A PPD officer demonstrates the body-worn camera during the rollout of the pilot in 2014

Matt Rourke / AP Photo

Disciplinary leniency for ‘minor’ violations caught on camera

In order for officers to do their work efficiently, minor disciplinary code violations captured on a recording aren’t subject to official Internal Affairs investigations, according to PPD policy.

Instead, an officer caught doing these kinds of things can receive what’s called Command Level Discipline, a form of reprimand which is not obligatory.

Some of the violations at this level include drinking off duty while in uniform, failure to properly patrol their assigned area, failure to provide for the safety of people in custody, and missteps in official procedure in the handling of “narcotics, money, explosives, firearms, hazardous materials, or forensic evidence.”

Are officers allowed to turn body cameras off?

The PPD policy directive lists four situations where a camera is allowed to be turned off once activated:

  • When a camera would unnecessarily capture gruesome footage
  • When entering a religious institution during services
  • When entering a hospital room or private patient area inside of a hospital
  • When a crime scene is established and officers are placed on post to safeguard the scene

In the event of a deactivation, the officer is required to say aloud, for the record, why their camera is being turned off. If necessary, officers must reactivate the camera once the reason it was switched off is no longer relevant.

Outside of these instances, there are also situations when a camera should not be turned on.

These include settings where privacy is expected, like bathrooms and locker rooms, as well as during strip searches, receiving strategies or tactics, and speaking to undercover officers or confidential informants.

When do police release body cam footage?

All of the body cam recordings are stored for at least 60 days, per department policy. Footage marked as evidence is often held longer, subject to the standard policy for retaining documents used in investigations.

These recordings are handled by an officer titled the Digital Evidence Custodian, who shares that footage with police investigators and select members of the District Attorney’s Office. Members of the city’s Law Department are also eligible to receive footage in certain circumstances. Requests for footage from people who aren’t law enforcement agents are subject to state law, namely Title 42, Chapter 67A.

Public requests can be denied depending on the Police Department’s view of the import of the footage, and denial can be appealed to the Court of Common Pleas for a final decision.

Is there any footage of the shooting of Thomas Siderio?

It’s still unclear if Siderio was ever in possession of the 9mm semiautomatic handgun police recovered from the scene, according to Deputy Commissioner Benjamin Naish, who briefed the press on the situation.

Naish also couldn’t say definitively whether Siderio was the person who fired into the vehicle, or whether he’d pointed a weapon at the officers who killed him.

Footage obtained by CSB3 from a nearby security camera doesn’t capture any visuals of the situation.
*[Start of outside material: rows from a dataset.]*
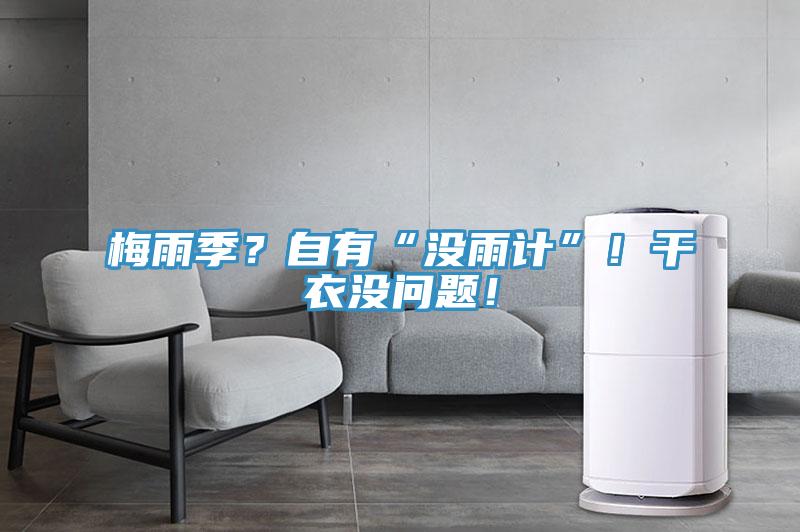 梅雨季？自有“沒雨計(jì)”！干衣沒問題！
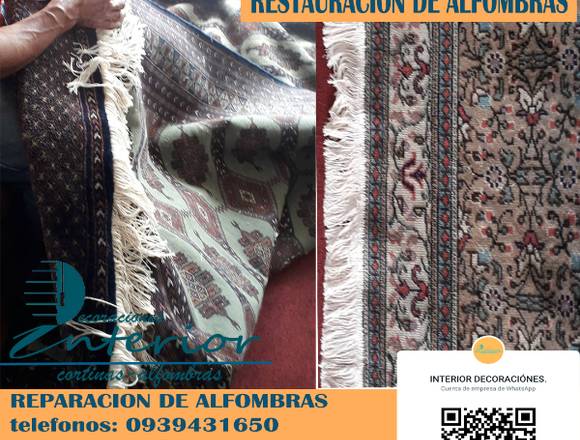 Reparar Flecos De Alfombras. Arreglo Alfombras.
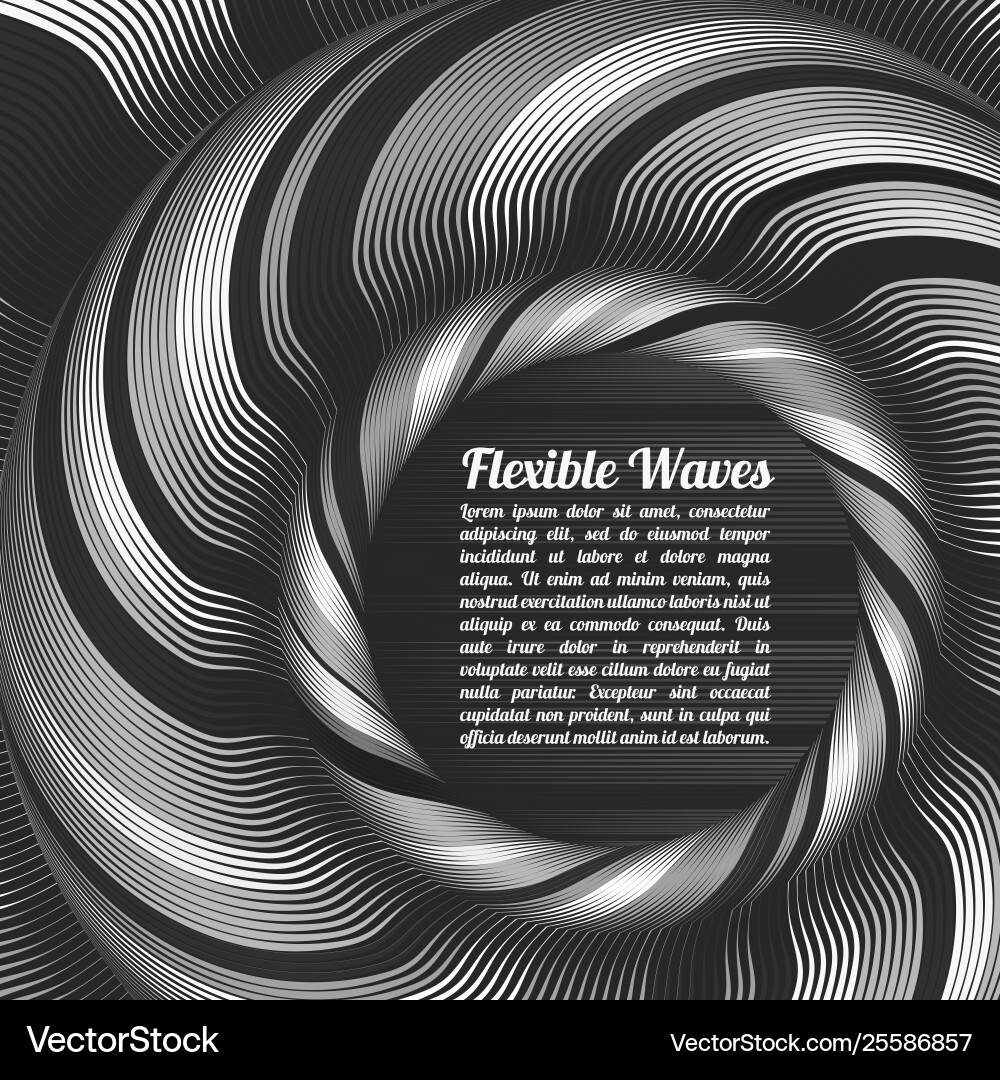 Abstract background waved lines Abstract background waved lines vector image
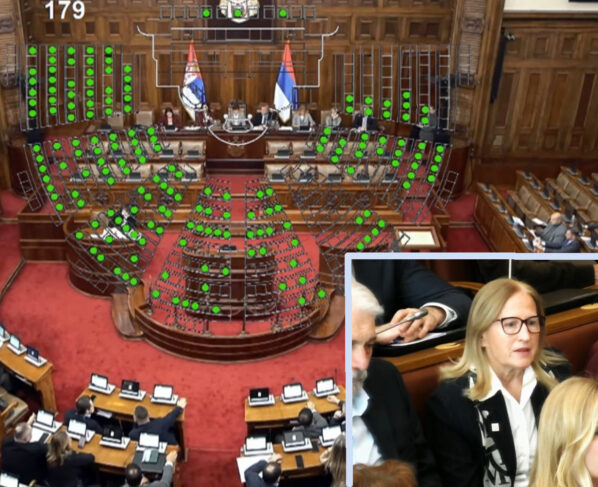 FOTO: Screenshot / You Tube "ParlamentSrbija"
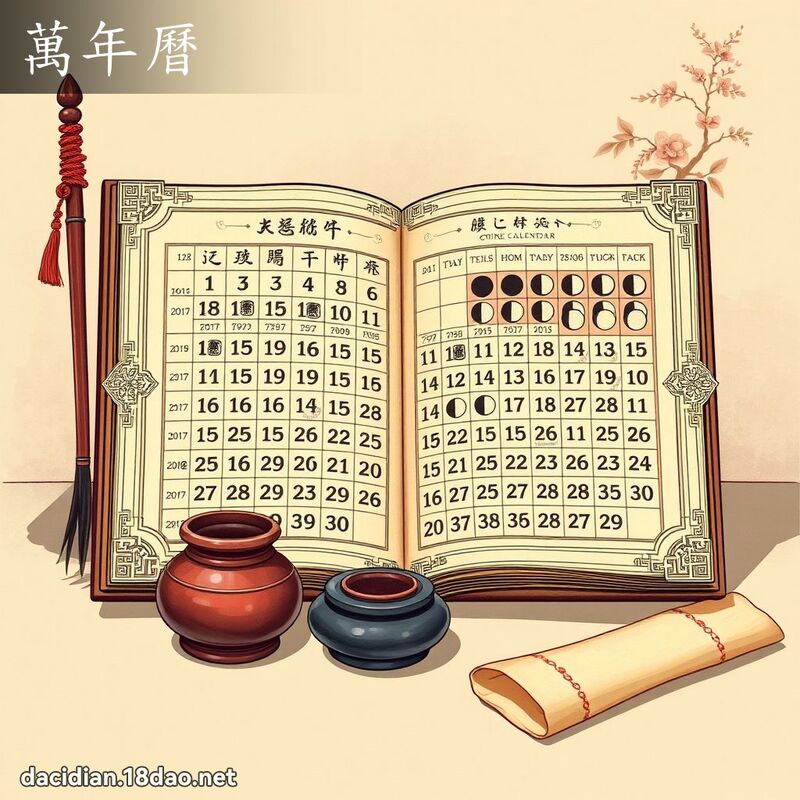萬年曆 - 國語大辭典配圖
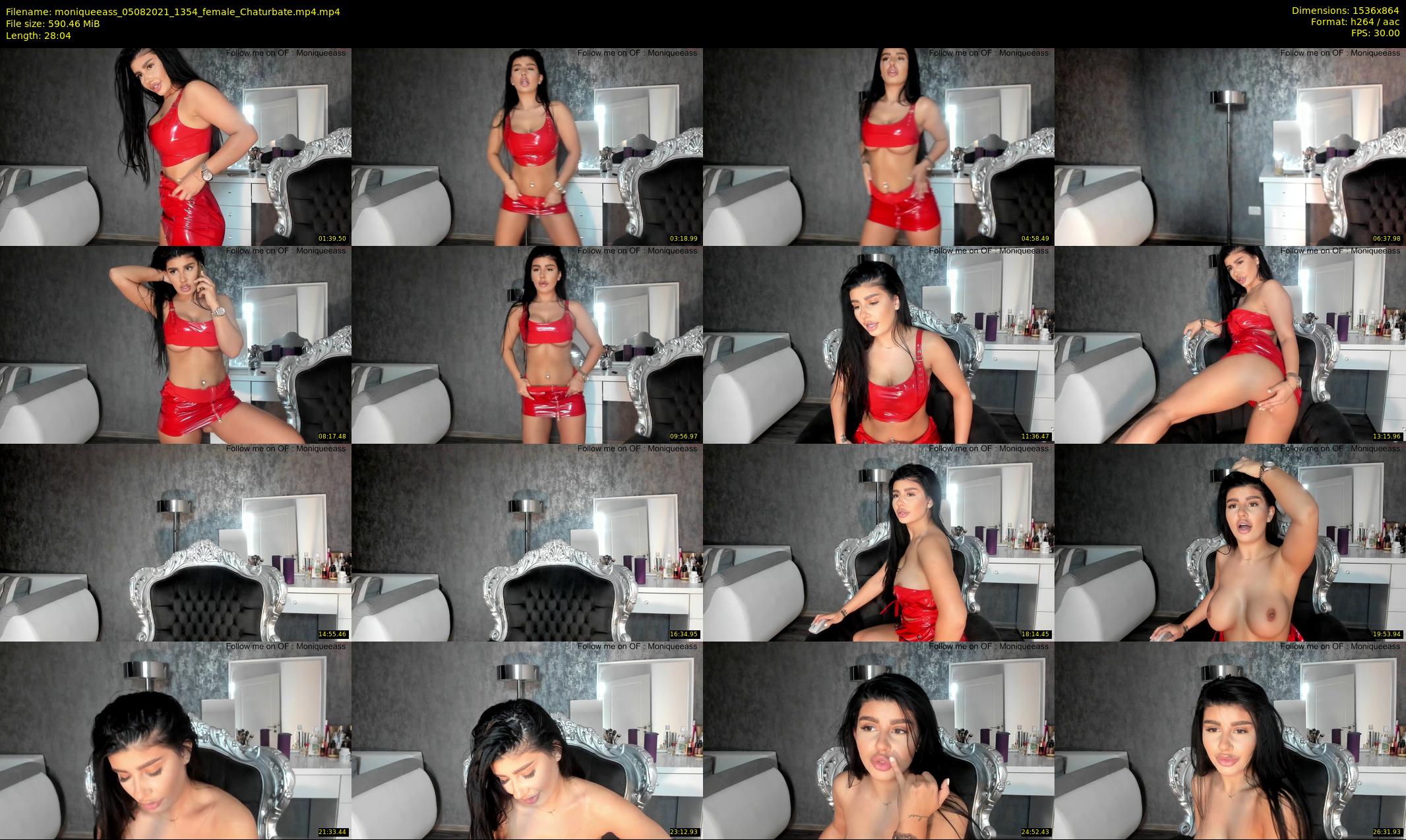 moniqueeass — 29 minute Chaturbate female cam show recording, 720p, Aug 5, 2021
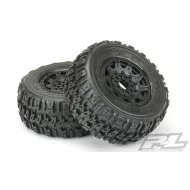 Pro-Line Trencher X SC Tires w/Raid Wheels (2) (Black) (M2)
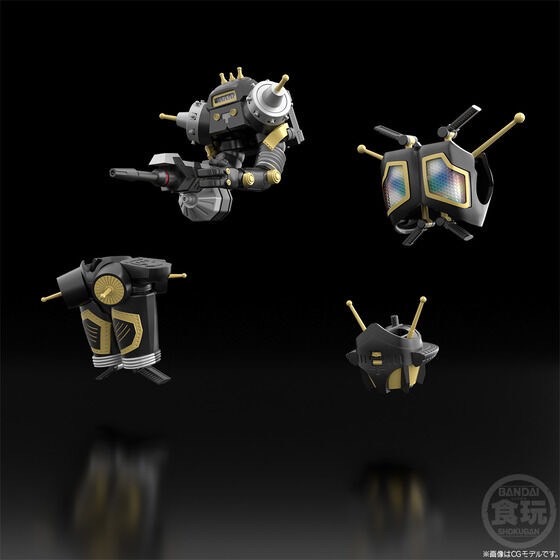 PRE-ORDER : SMP [SHOKUGAN MODELING PROJECT] Space Robot King Joe Black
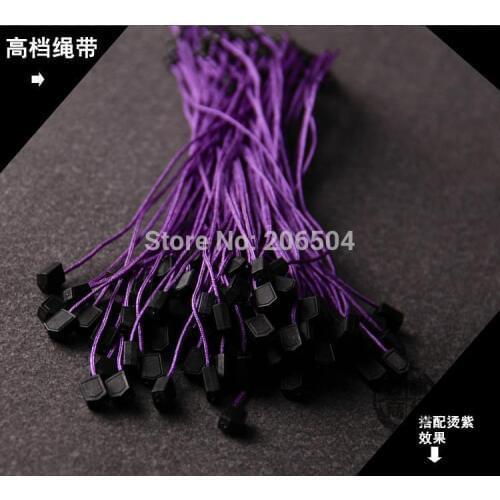 String Loop Lock with Nylon Cord Fastener 1000pcs and Plastic Bullet Head Snap Lock to Seal for Hang Tag Tag seal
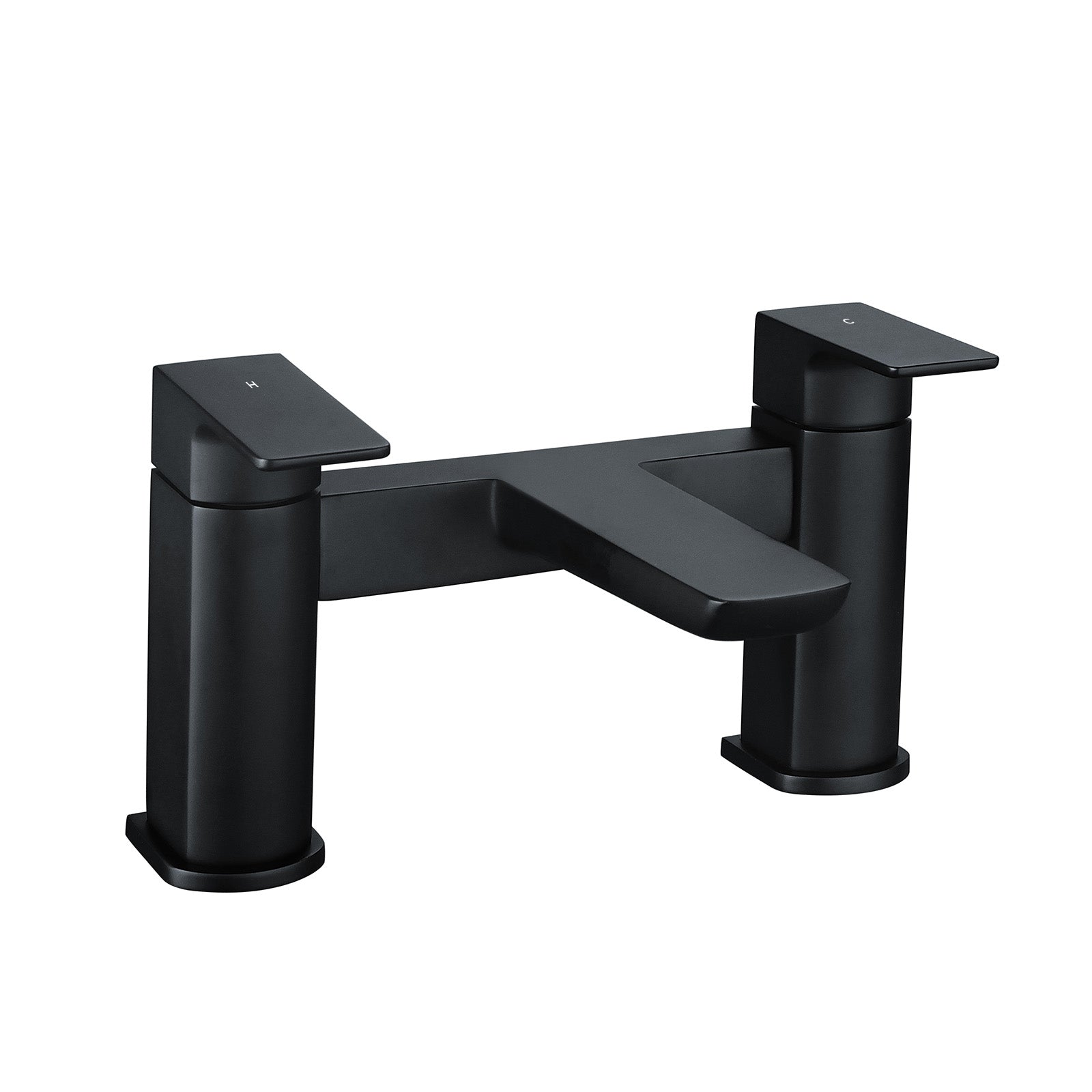 Astra Contemporary Bridge Deck Mounted Bath Filler Tap Matte Black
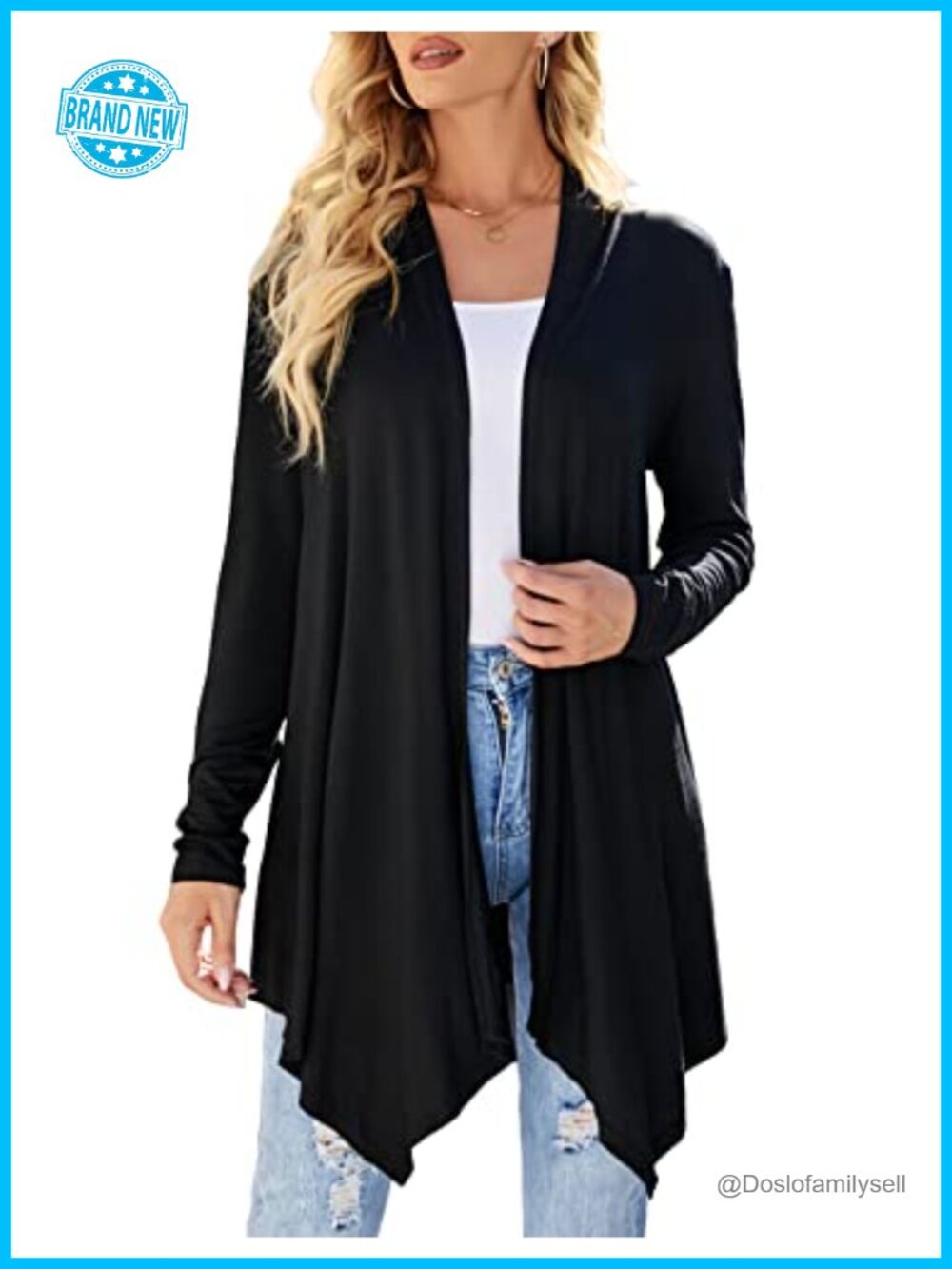 Womens Lightweight Open Front Cardigan Long Sleeve Duster Sweater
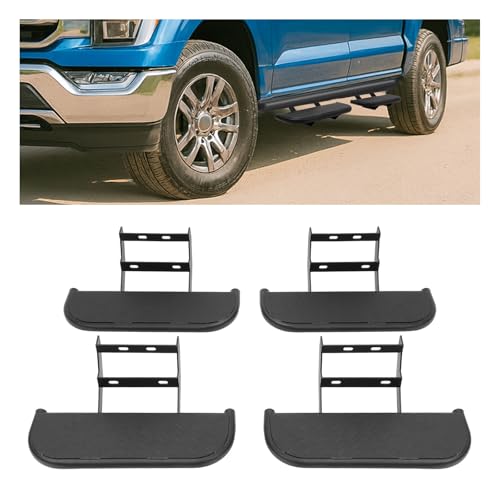 Estribos laterales compatibles con Ford F-150 SuperCrew 2015-2023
It does have audio of a voice of what sounds like police radio chatter, and a voice saying calmly, “I’m bleeding.” Naish said an officer was struck in the face by shards of glass when the back car window shattered.

The officers involved were plainclothes officers who were sitting in their car at 18th and Johnson to conduct surveillance. Undercover officers aren’t allowed to have their police identification on their person, much less a body camera.

When asked, the police department explained the only instances body cameras are in operation around plainclothes officers.

“Only officers in uniform or otherwise clearly identifiable as law enforcement officers are permitted to use a Body-Worn Camera. However, there may be a time when a uniformed officer is on the same job as plainclothed officers, and the BWC of the uniform officer will capture whatever is in the frame.”